Ответственность за 7 октября придется взять всем. Интервью с Юлием Эдельштейном

Глава комиссии Кнессета по иностранным делам и обороне Юлий Эдельштейн в интервью NEWSru.co.il поделился своим мнением о том, что привело к провалам 7 октября, о выводах, которые необходимо сделать, и подверг резкой критике позицию России.

Беседовал Габи Вольфсон.

Господин Эдельштейн, принято считать, что на протяжении многих лет в Израиле господствовала концепция, согласно которой предпочтительнее сохранить ХАМАС в качестве властной структуры в секторе Газы, чтобы избежать воссоединения Газы с автономией в Иудее и Самарии и не вести переговоры о создании Палестинского государства. Думаю, что после 7 октября можно говорить о провале этой концепции.

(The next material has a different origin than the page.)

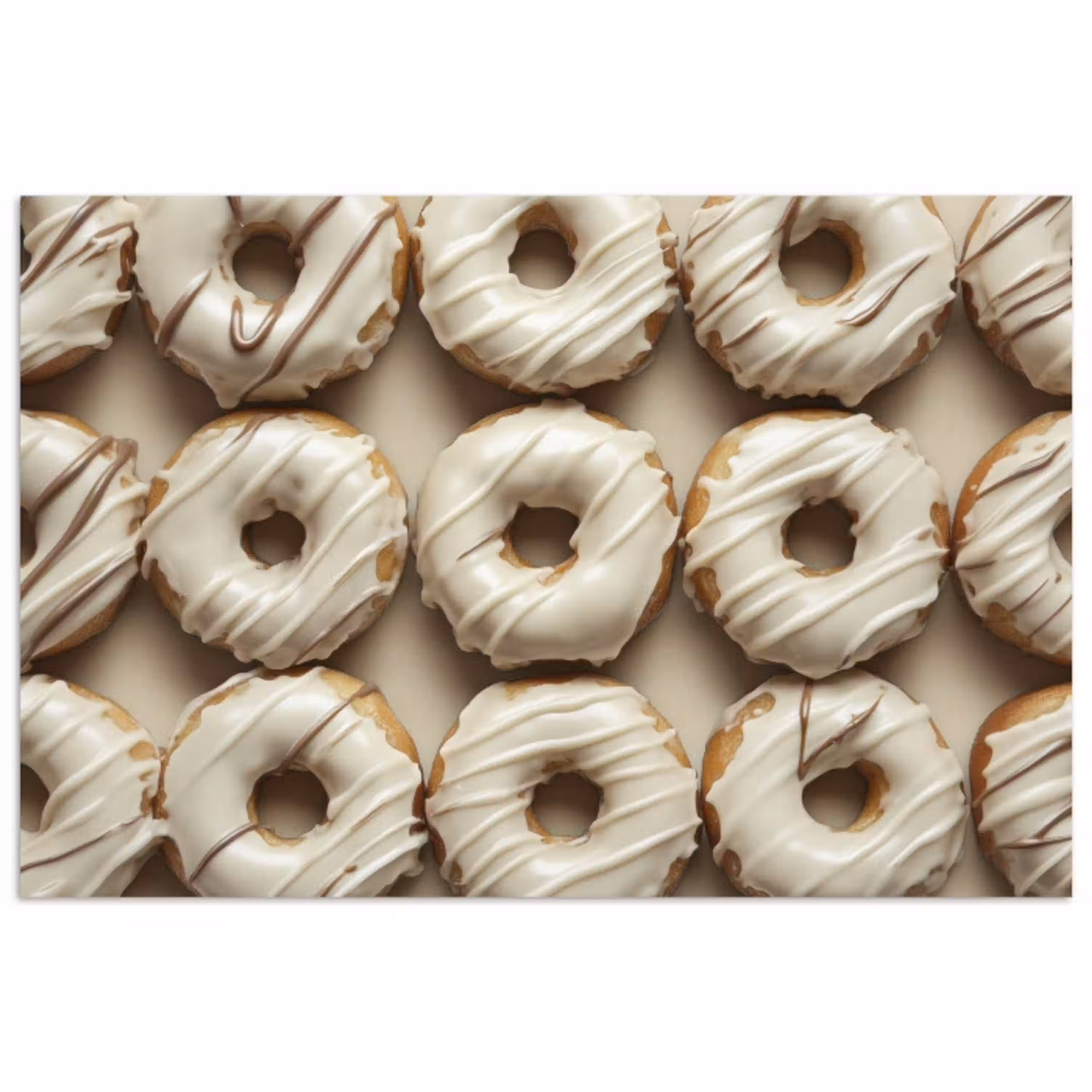 Donuts - Chocolade - Wit - Beige poster papier klein -3d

Мне не кажется, что вы найдете одного здравомыслящего человека сегодня в Израиле, который скажет вам, что эта концепция не провалилась. Но наверное, чтобы быть честными, надо напомнить как возникла эта ситуация. Она не возникла сама по себе, как будто в Израиле пришло к власти некое правительство, которое решило, что нет ничего страшного, если ХАМАС будет нашим соседом. Восемнадцать лет назад Ариэль Шарон осуществил, так называемый план одностороннего размежевания, выселил израильтян из Газы и передал ее палестинцам. Были те, в том числе ваш покорный слуга, кто протестовал против этого плана, утверждая, что он причинит гигантский вред Израилю, в том числе в вопросах безопасности. Но наши предупреждения услышаны не были, и план размежевания осуществили. Через полтора года произошло то, что всем хорошо известно: ХАМАС полностью захватил власть в секторе Газы. После этого момента действительно все правительства, все премьер-министры, все кабинеты проявляли нерешительность и не были готовы к решающему сражению с ХАМАСом, исходя в том числе их той предпосылки, что ХАМАС более всего занят гражданскими вопросами, а значит с ним в той или иной форме можно договариваться и сосуществовать. Разумеется то, что произошло 7 октября, стало полным крахом этой концепции, и сейчас нам не оставили иного выбора, кроме полного уничтожения военного потенциала ХАМАСа, его политической власти, возвращения взятых в заложники израильтян и ликвидации угрозы жителям юга страны. Стало ясно, что Израиль не может жить рядом с террористическим образованием и оставаться в безопасности.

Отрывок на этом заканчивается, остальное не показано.